## Work task
Copy only those lines which run from the line containing "time lapse photo" to the end of the entries below, both inclusive, exactly as written and with no pictures.

## Data for the task

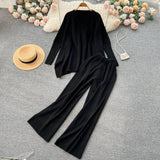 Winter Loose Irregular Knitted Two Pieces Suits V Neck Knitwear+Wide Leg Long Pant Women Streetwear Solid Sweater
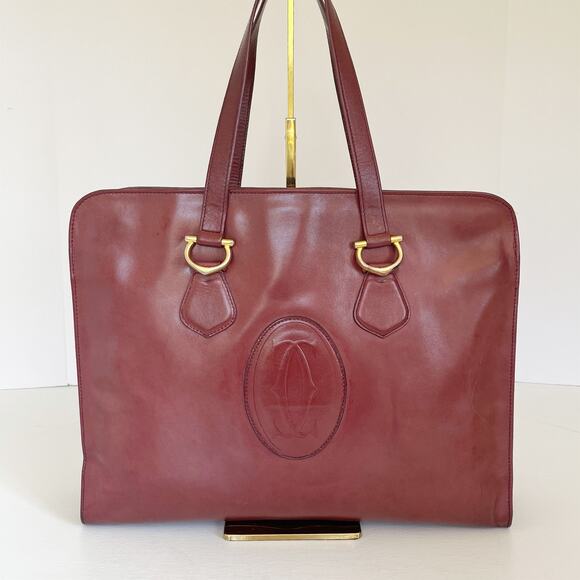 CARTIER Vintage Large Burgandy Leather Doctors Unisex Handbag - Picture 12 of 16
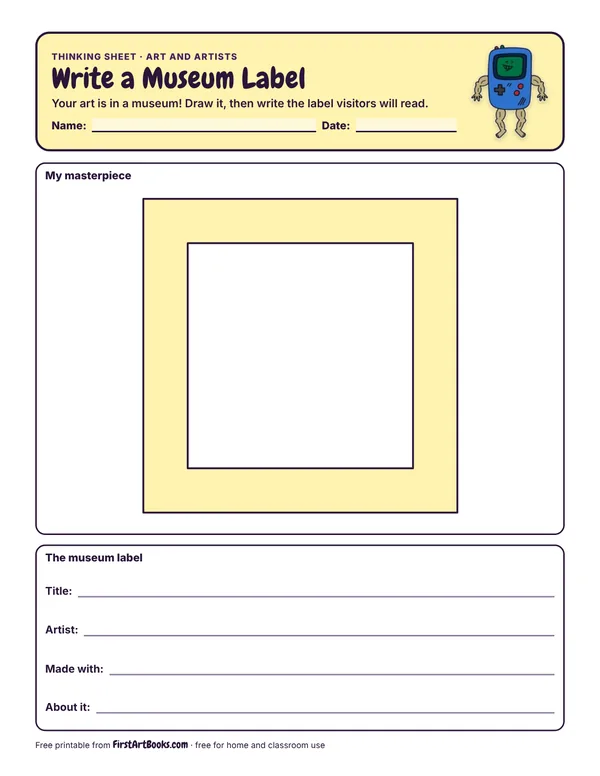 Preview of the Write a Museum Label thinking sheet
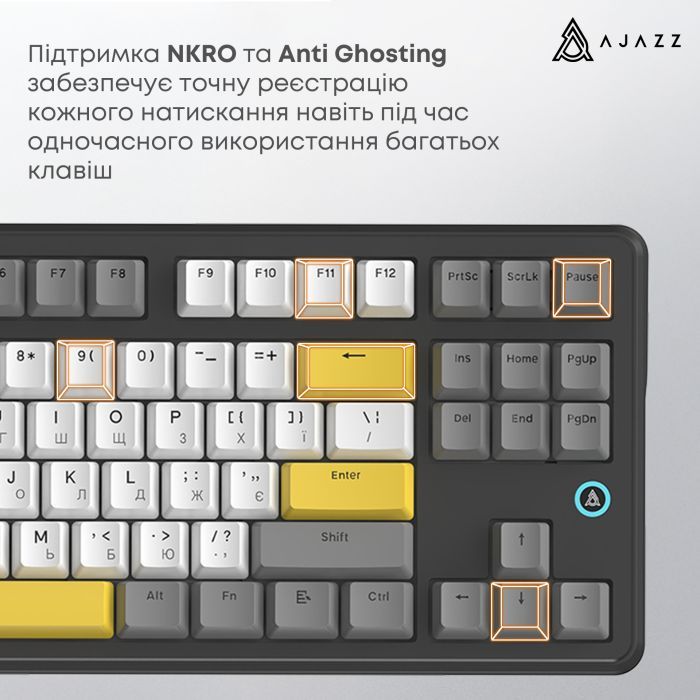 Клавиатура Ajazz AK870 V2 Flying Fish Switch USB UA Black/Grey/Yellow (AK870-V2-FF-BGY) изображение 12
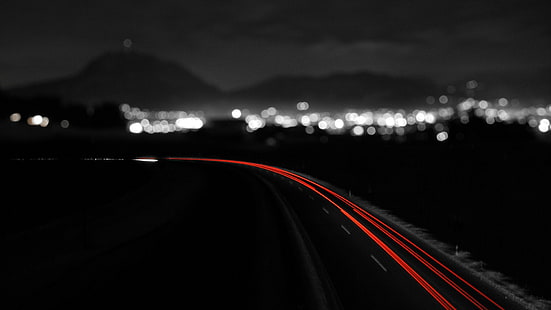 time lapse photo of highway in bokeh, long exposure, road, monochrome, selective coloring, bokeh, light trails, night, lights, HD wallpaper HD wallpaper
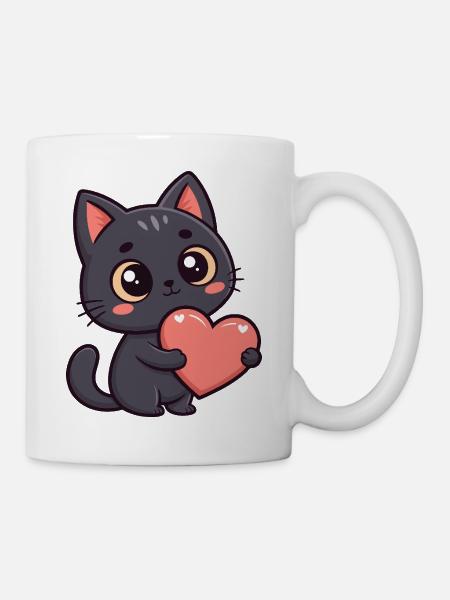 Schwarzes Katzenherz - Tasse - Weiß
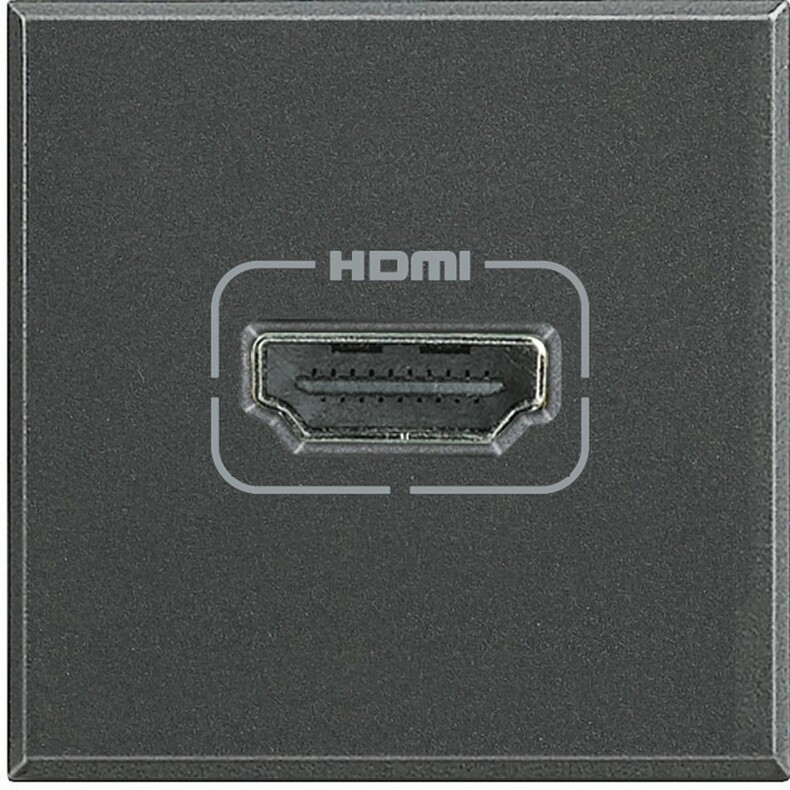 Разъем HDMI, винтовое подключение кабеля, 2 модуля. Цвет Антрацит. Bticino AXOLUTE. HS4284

## Solution to the exercise
 time lapse photo of highway in bokeh, long exposure, road, monochrome, selective coloring, bokeh, light trails, night, lights, HD wallpaper HD wallpaper
 Schwarzes Katzenherz - Tasse - Weiß
 Разъем HDMI, винтовое подключение кабеля, 2 модуля. Цвет Антрацит. Bticino AXOLUTE. HS4284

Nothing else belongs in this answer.